All breeds of dogd are capable of biting, usually poor husbandry and care on the owners part. My nephew nearly lost his face to a chinese pug, the dog had never been around children my nephew was only 18months old. My sister thankfully was close enough to grab him when the dog lunged, it was her MIL and FIL dog. Jack Russels are also known for biting, I think it was Natalie Embrougliah (bad spelling) who was laying on the floor curled up with her JR when he turned and took a chunk out of her face for no apparent reason. My husband was bit by a wolf/husky cross for trying to pick up a bag of peanuts of the floor at a friends house because the dog figured everything on the floor belonged to him.
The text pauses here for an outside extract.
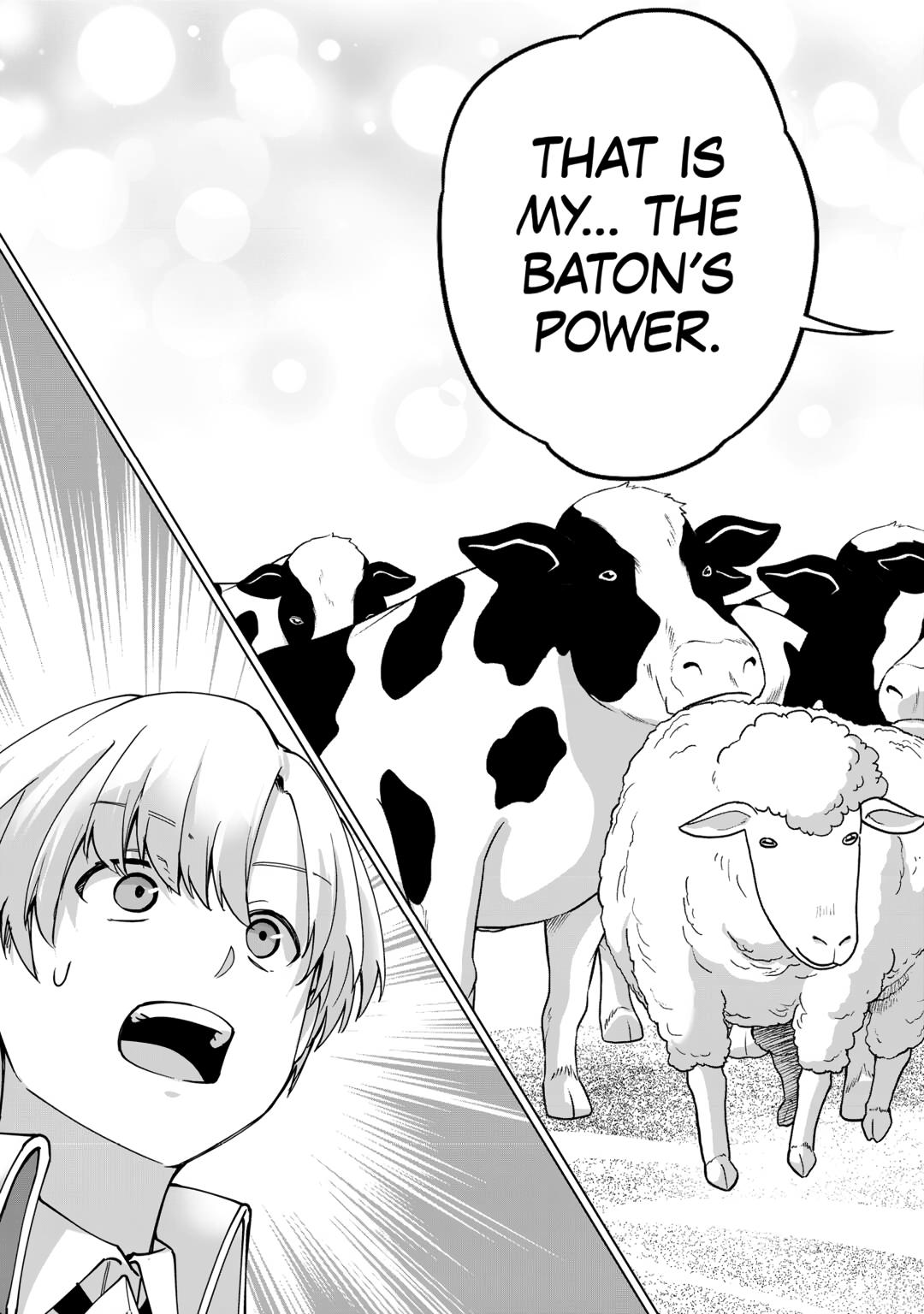 Mizu shika Denai Shingu [Cup] wo Sazukatta Boku wa, Fumou no Ryouchi de Suki ni Ikiru koto ni Shimashita Chapter 30 - Page 29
My mom drove courier and while delivering a package a chihuaha (sp?) came up and sank its teeth into her heel doing serious tendon damage thankfully missing the akeles (sp?) tendon. Too many stupid people own dogs unfortunately.

Almost any animal has the potential to do harm and yes even kill. My personal favorite animal is a Rotti (also fond of huskies, sheps, Dobi's without the ears and tail done, mastiffs, greyhounds, boxers, great danes, get the picture ) but I don't think it is fair to keep them in the city, I think they deserve a lot of space and I don't have the time to dedicate to obediance classes and taking one out for walks all the time wich they need and DH is anti large dog. My husband wants a chinese pug, no problem as long as he is willing to train it, and take care of it properly as I do my snakes. Husbandry is everything no matter the animal.

Most of my family have farms up north peace country and lots of horse back riding growing up. Yes a horse can do serious damage again all depends on the horse. I was an 1" away from being dead when the horse I was next to was spooked and reared up and jumped forward and bucked, her back hooves came an 1" from my head. She was a 2 yr old and my uncle had just started her training and my other cousin came out and scared her thinking it would be funny.

Stupid people cause bad names for animals.